The International Conference for High Performance Computing, Networking, Storage and Analysis
Scibox: Online Sharing of Scientific Data via the Cloud.
Authors: Jian Huang (Georgia Institute of Technology), Xuechen Zhang (Georgia Institute of Technology), Greg Eisenhauer (Georgia Institute of Technology), Karsten Schwan (Georgia Institute of Technology), Matthew Wolf (Georgia Institute of Technology), Stephane Ethier (Princeton Plasma Physics Laboratory), Scott Klasky (Oak Ridge National Laboratory)
Abstract: Collaborative science demands global sharing of scientific data. But it cannot leverage universally accessible cloud-based infrastructures like DropBox, as those offer limited interfaces and inadequate levels of access bandwidth. We present the Scibox cloud facility for online sharing scientific data. It uses standard cloud storage solutions, but offers a usage model in which high end codes can access the cloud via the same ADIOS APIs they already use for their I/O actions, thereby naturally coupling data generation with subsequent data analytics.
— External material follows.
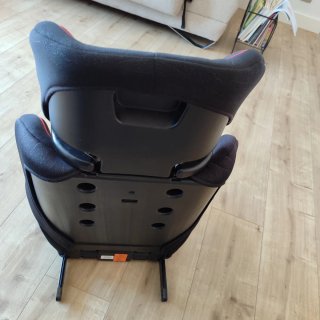 Silla de coche bbest negra con ribete rojo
Extending current ADIOS IO methods, with Scibox, data upload/download volumes are controlled via D(ata)R(reduction)-functions stated by end users and applied at the data source, before data is moved, with further gains in efficiency obtained by combining DR-functions to move exactly what is needed by current data consumers. Scibox is evaluated with science applications, e.g., GTS demonstrating the potential for ubiquitous data access with substantial reductions in network traffic.